The Great Depression lasted roughly from late 1929 until early 1941. The U.S. unemployment rate was over 10% for most of that time, and peaked at 25% in 1933. Even when the economy grew, in 1933-37 and 1938-40, it grew much too slowly to bring the unemployment rate below 10%. (Thus the second definition of recession seems preferable to the first, since the first would imply that there was no Great Depression in 1933-37 because real GDP was rising then, however slowly.)

***

PRINCIPLES OF MACROECONOMICS
WEEK 6, LECTURE 16
Fri., March 3, 2000

0. IMPEDIMENTA

* PICK UP PROBLEM SET 4 (you should do it by next Friday, not Wednesday)
* Today: Unemployment
* QUIZ

UNEMPLOYMENT

Unemployment refers to the condition of being unable to find a job. "Unemployed" is not quite the same thing as "jobless," because the official definition of unemployment includes only those jobless persons who are looking for work.

A flurry of definitions:

* UNEMPLOYED: a person 16+ years old who is not working, is available for work, and has made specific efforts to find work over the past four weeks.
-- By contrast, someone who isn't working and isn't looking for work is categorized as OUT OF THE LABOR FORCE (exs.: stereotype of welfare recipients, full-time students, full-time homemakers, retirees).

* LABOR FORCE: the number of people employed plus the number of unemployed;

Labor force = Employed + Unemployed

--     (WORK FORCE = total number of employed.
        People who are working part time, even if they'd prefer to be working full time, are still counted as employed.)

* UNEMPLOYMENT RATE (UR): the ratio of the number of people unemployed to the total number of people in the labor force

UR = Unemployed/(Labor force) = Unemployed/(Employed + Unemployed)

* LABOR FORCE PARTICIPATION RATE (LFPR): the ratio of the labor force to the total population 16+ years old.

LFPR = (Labor force)/(Adult population) = (Employed + Unemployed)/(Adult population)

-- [We saw an overhead of Case & Fair's Table 8.2, "Employed Unemployed, and the Labor Force" (p. 159).]
---- Note that the labor force is much, much smaller than the total adult population.

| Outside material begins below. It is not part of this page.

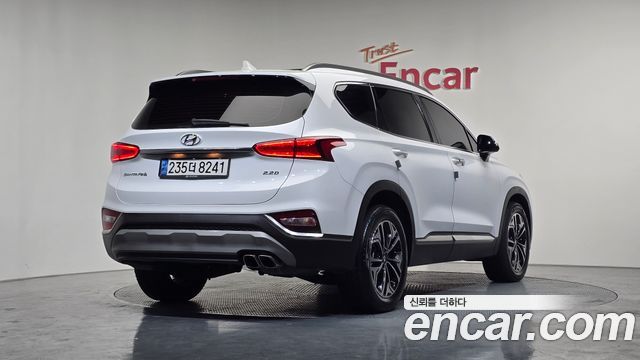 Hyundai Santafe 2019 — photo 2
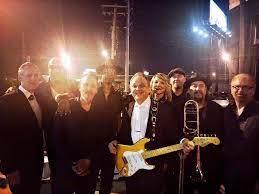 Fotografía promocional de Jimmie Vaughan & the Tilt-A-Whirl Band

The total U.S. population altogether, including children, is about 275 million, so only half of the total U.S. population is in the labor force. Of the adult population, about two-thirds is in the labor force (LFPR = 67%).
---- The LFPR has been rising steadily since 1953; the reason why is that the LFPR of married women has risen substantially, and in fact has done so for all of the past century.)
---- In 1997, about 67 million adult Americans were not in the labor force. The rest were either employed (130 million) or unemployed (6.7 million). The number of unemployed is probably closer to 6 million today.

Unemployment is anything but an equal-opportunity affliction. The rapper Paris once said that when the American economy catches a cold, black America gets double pneumonia. He was referring to the unusually high rates of unemployment among blacks, which skyrocket even further during recessions. Other groups with higher-than-average rates of unemployment are teenagers, blue-collar workers, and people with a high school education or less. These patterns hold both in "good" times (e.g., the current expansion) and "bad" times (recession years like 1982).
-- [We saw an overhead of Case & Fair's Table 8.3, "Unemployment Rates by Demographic Group, 1982 and 1998" (p. 159).]
---- Note that in both years the highest unemployment rates by far were for black teenage males, whose jobless rates of 52.4% (in 1982) and 31.8% (in 1998) were worse than the overall unemployment rate has ever been in this country, even in the Great Depression. In the "good" year of 1998, the following groups still had unemployment rates over 10%: black teenagers, white teenage males, high school dropouts. The groups with the lowest unemployment rates were white-collar workers (3.4% in 1997) and college graduates (2.2%).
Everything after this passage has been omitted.